論文「『違憲の府』と最高裁」 筆者:H・O
2013年5月6日
 最高裁は、いま衆議院も参議院も「違憲状態」にあると判断し、国会の選挙制度の是正を求めています。ところが国会内での政党間の協議が難航し、ようやく0増5減を内容とする緊急是正法が成立しましたが、2012年12月の選挙は緊急是正法に基づく区割りが間に合わず、「違憲状態」のまま実施されました。この選挙は無効であると、いま全国各地で「一票の格差」訴訟が提起されています。そして、各高等裁判所が選挙を「違憲」または「違憲状態」と判断し、うち2件では選挙無効の宣告がなされました。早ければ今秋にも最高裁で判決が出されると思われます。

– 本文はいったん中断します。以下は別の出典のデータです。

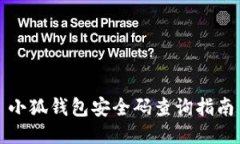 小狐錢(qián)包安全碼查詢(xún)指南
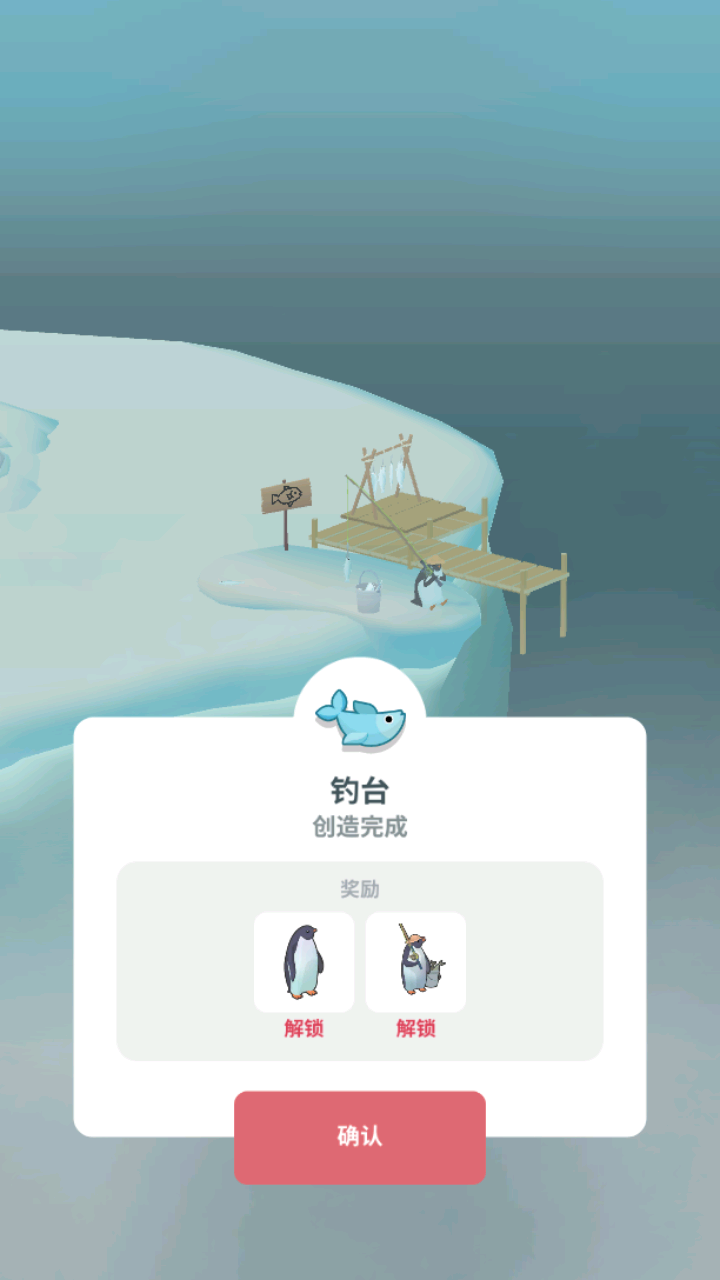 企鹅岛无限钻石版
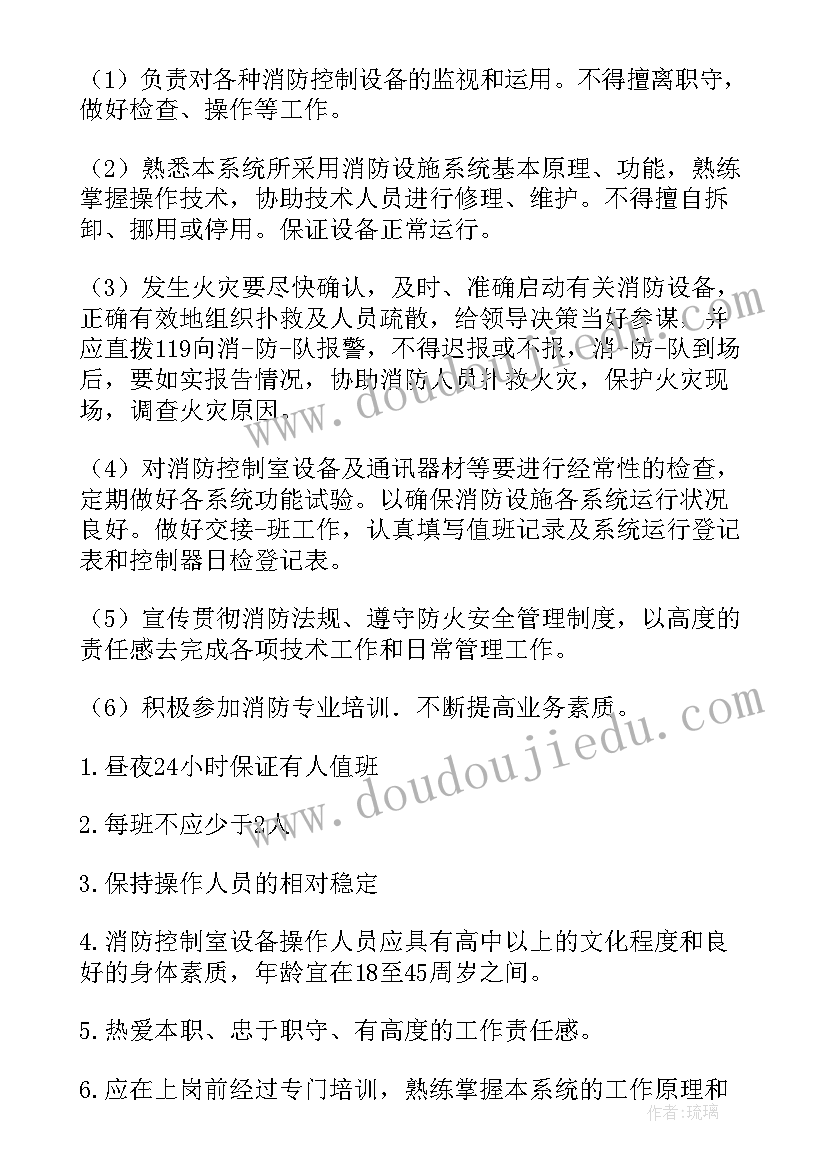 2023年村消防安全工作制度 消防安全工作总结(实用7篇)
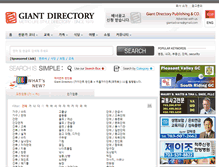 Tablet Screenshot of giantdirectory.com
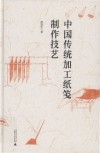 中国传统加工纸笺制作技艺封面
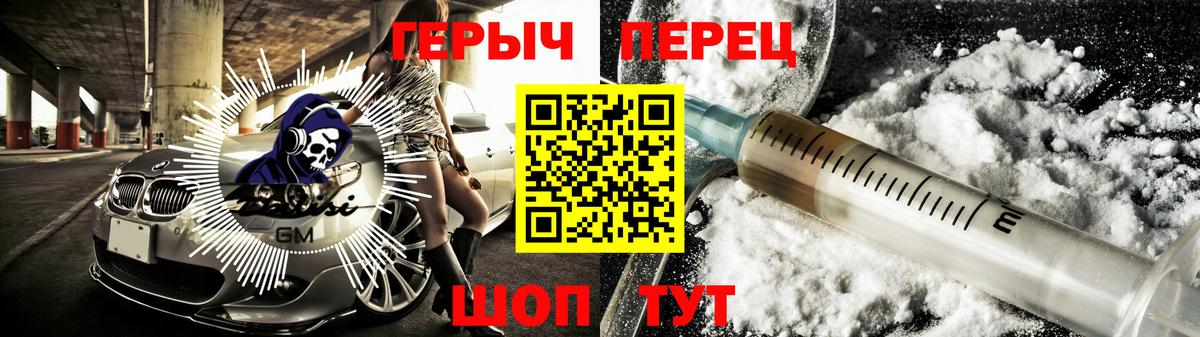 ГЕРОИН Heroin Томск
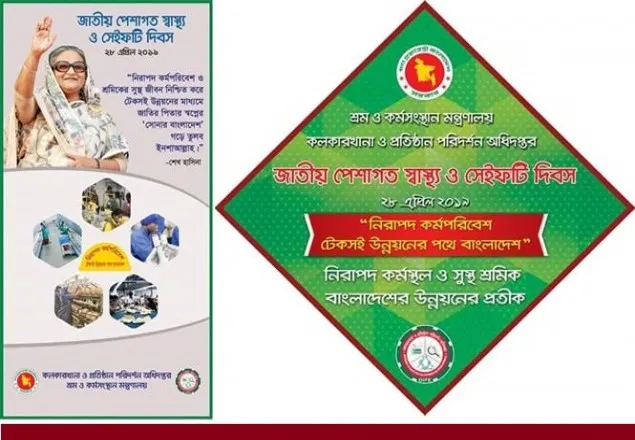 জাতীয় পেশাগত স্বাস্থ্য ও সেফটি দিবস আজ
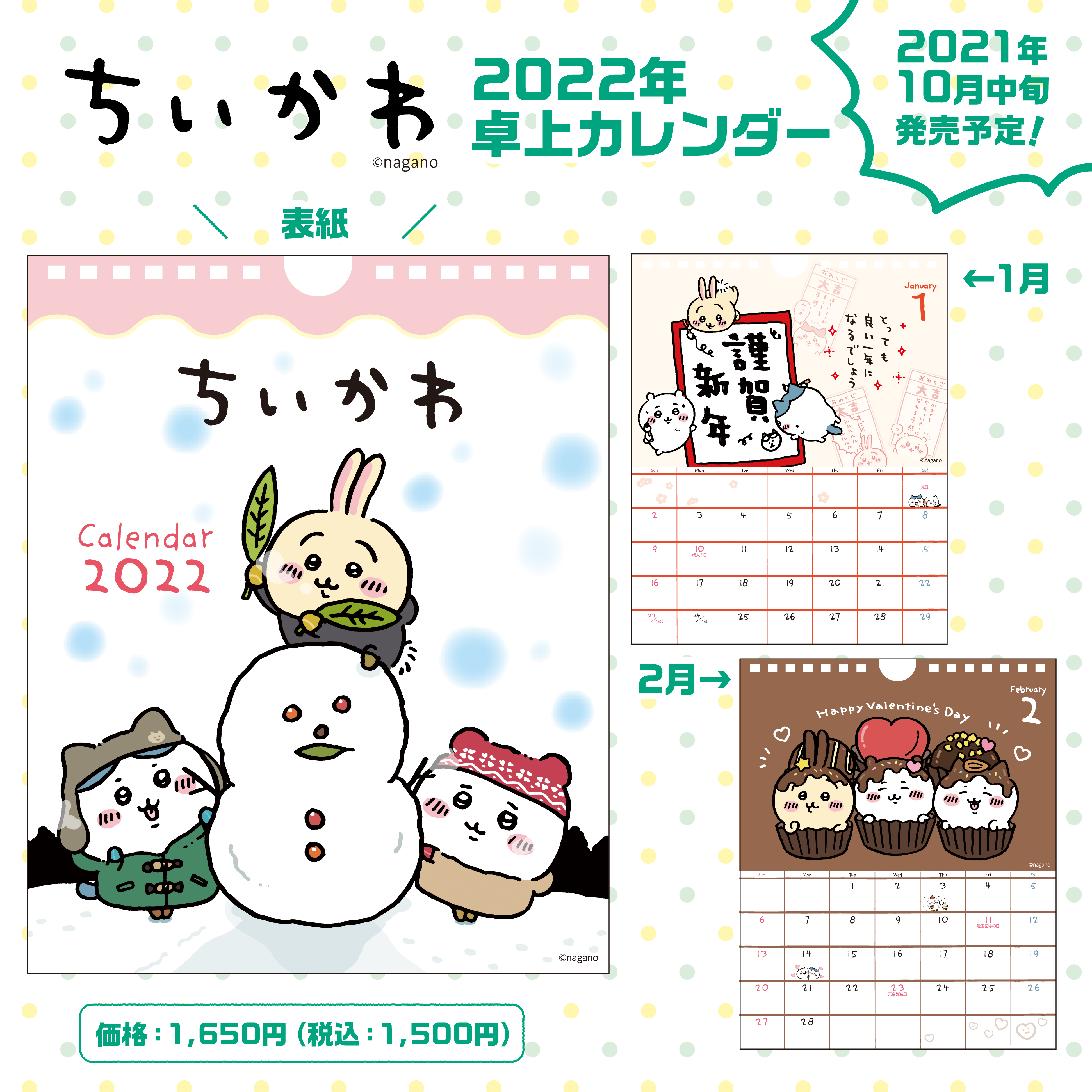 ちいかわグッズ公式 22年 卓上カレンダー 卓上 壁掛け選べるカレンダーが10月発売予定 書き込みやすい大きい日付欄と カレンダーにこっそりいる小さいキャラクターたちにも注目です 発売をおたのしみに ちいかわ T Co 7vus46qzri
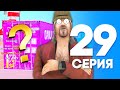 ЖИЗНЬ БОМЖА в SAMP #29 - ОКУПИЛСЯ с КОНТЕЙНЕРА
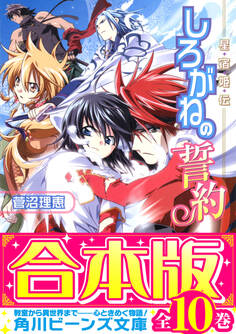 【合本版】星宿姫伝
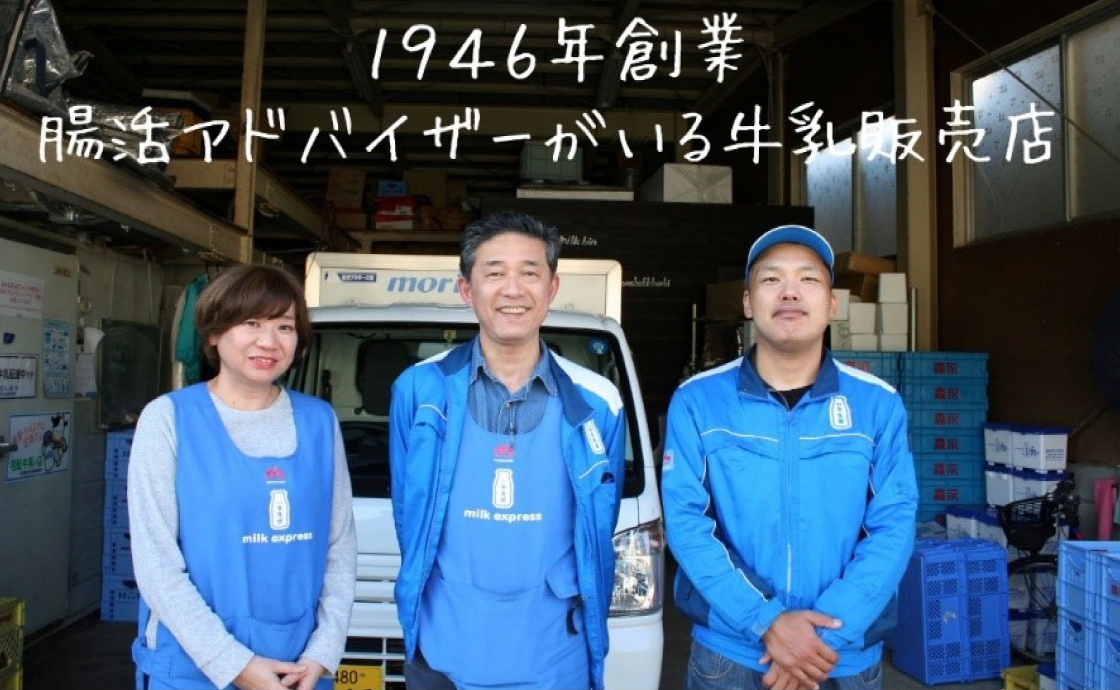 1946年創業　腸活アドバイザーがいる牛乳販売店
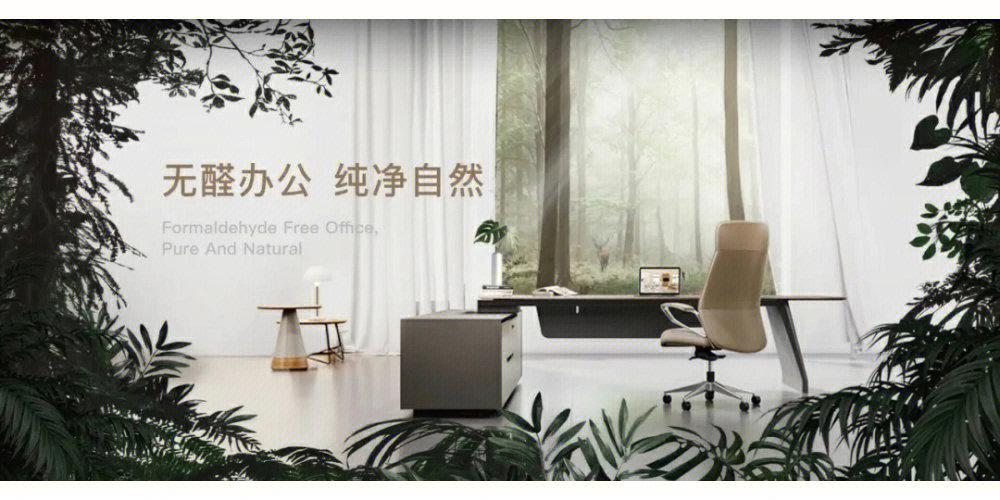 中国家具协会首次推出中国家具品牌联展，圣奥等十大品牌亮相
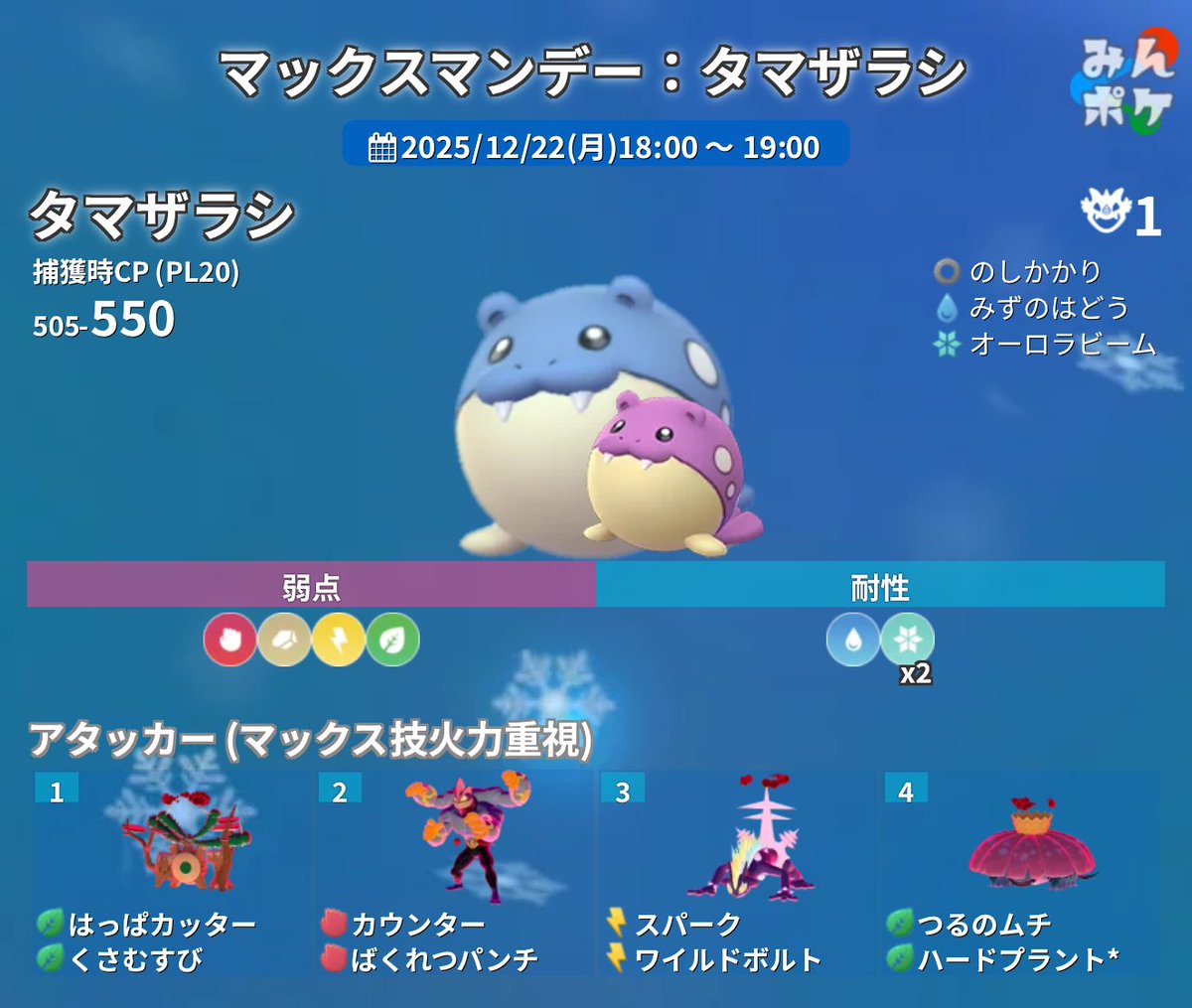 タマザラシ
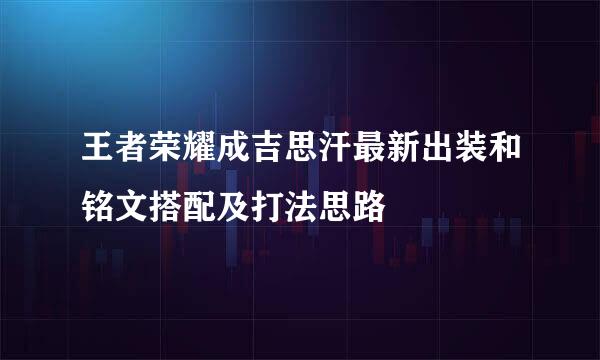 王者荣耀成吉思汗最新出装和铭文搭配及打法思路
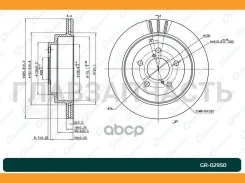���� ��������� ������������� G-brake GR-02950 [GR02950] GR02950 ����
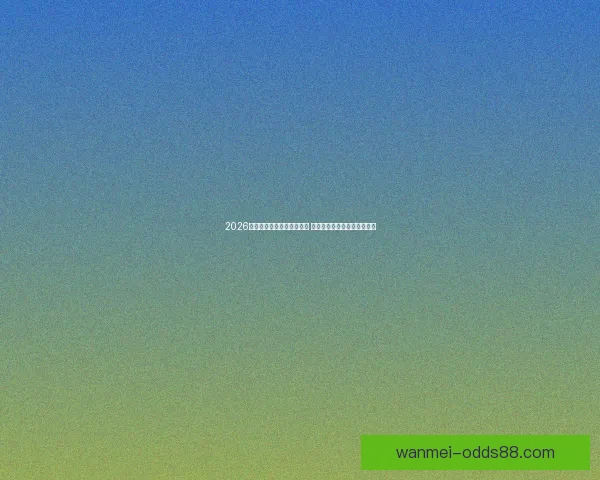 2026世界杯买球平台全方位指南 提前了解投注攻略与赛事分析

 最高裁の判断を国会が無視する事態が続いているのです。司法とは何なのかが厳しく問われなければなりません。
 筆者である高見勝利教授(憲法学・上智大)は過去の最高裁の判例なども省察しながら、最高裁では今回の選挙を無効と判断すべき、とします。これまで裁判所は、「違憲」という判断をする場合でも、いろいろな「事情」を考慮して選挙じたいを無効とすることは避けてきた(「事情判決」)わけですが、今回その理屈は通用しないことを論理的に説明しています。
 最高裁の判断を平然と無視するような国会議員を国民は選んではならないでしょう。この論文を読んで、司法というものの役割・権威・あり方についての国民的な議論を広げていかねばならないと、あらためて思いました。
 この論文は雑誌「世界」(岩波書店)2013年3月号・別冊に収載されています。